Besides that, more inside of it, there was what could best be described as love, an intimate bond between two people, making them one, but twisted and strange. It reminded me of a fucked-up version of marriage, but it seemed like this parasite actually loved its host, loved Genoscythe. Not for his skills or his looks, those things were almost irrelevant to the inhuman intelligence. No, instead, the parasite loved Genoscythe's resilience. His ability to always stand up, to keep up a positive outlook. It had been their shared journey, their similarities, that had made them become close to each other, and the parasite's weakness had come through its love for its host.
I suddenly found myself back on the street, still looking at the twisting mass of flesh, at Genoscythe. It was strange, but I could almost feel pity for the thing, unable to control itself, lashing out in all directions while it was dying. It was dying, I knew that now. It wouldn't last a day like this, and it was expending all its energy by expanding its mass, bleeding itself dry, unable to stop the process.
It was strange, that bond between Genoscythe and his parasite. They had been so close to each other… I thought of Lisa, Tattletale. Of the way she seemed to be dealing with her brain-parasite. Of the way it had brought her back, even after she'd died.

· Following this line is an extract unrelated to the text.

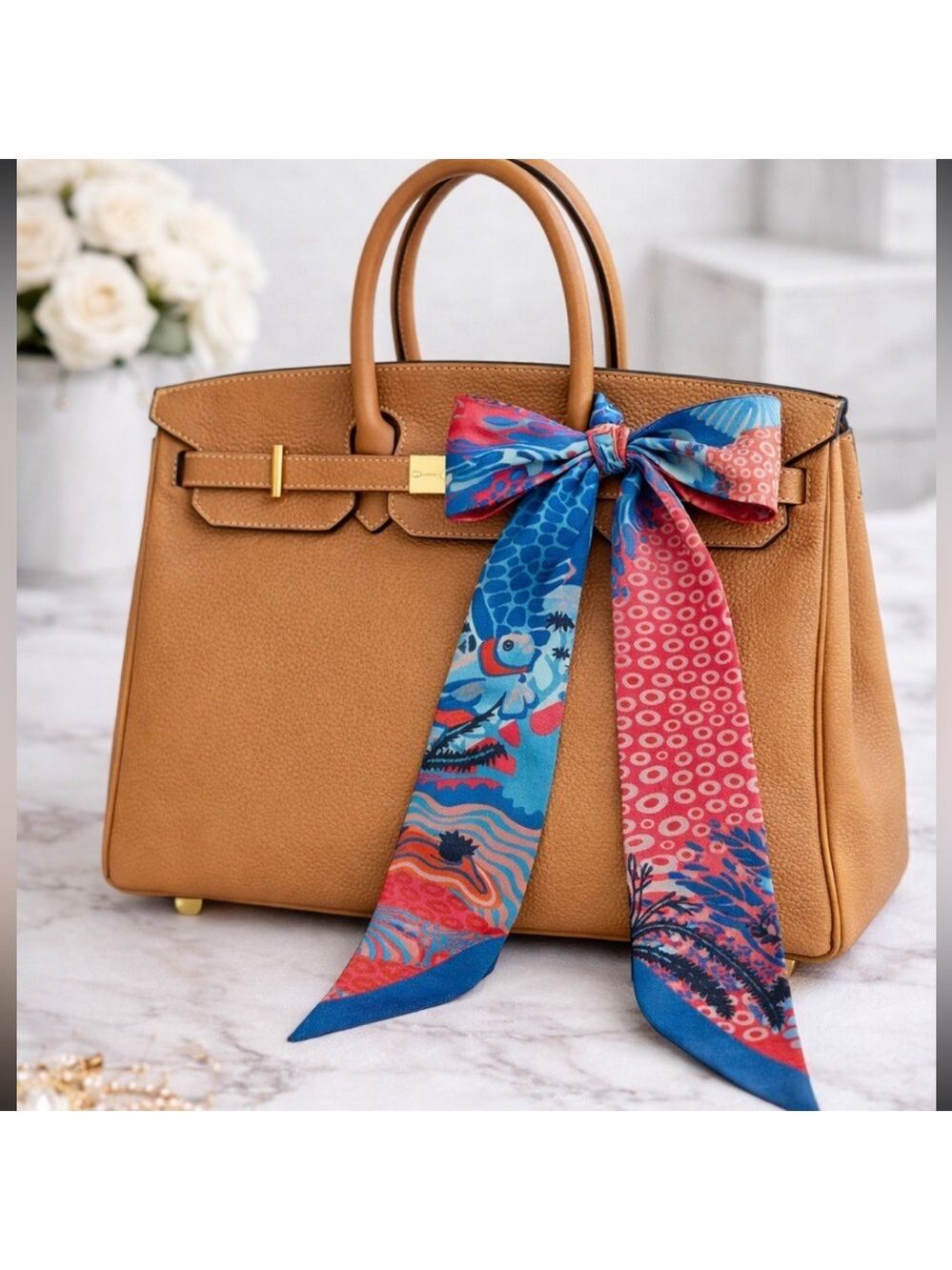 TROPICAL FISH SKINNY SCARF BAG HANDLE WRAP BANDEAU HAIR TIE COLORFUL OCEAN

Eb and the council had taught me that powers were dangerous and unnatural, that they completely disregarded the Third law of magic, and that I shouldn't give the thing that had lodged itself in my brain an inch, because it would take a mile.
If I compared that to Tattletale and Genoscythe though, I wasn't entirely sure how true that was. Not that I would suddenly go crazy and claim that I saw through the lies of the Wizards, but I was pretty sure there was more to it than they'd told me.
I turned my mind back to the mission, and tried not to think about parasites in brains, Merlins, Behemoth heads, or the fact that Eb and Revel were on a mission together.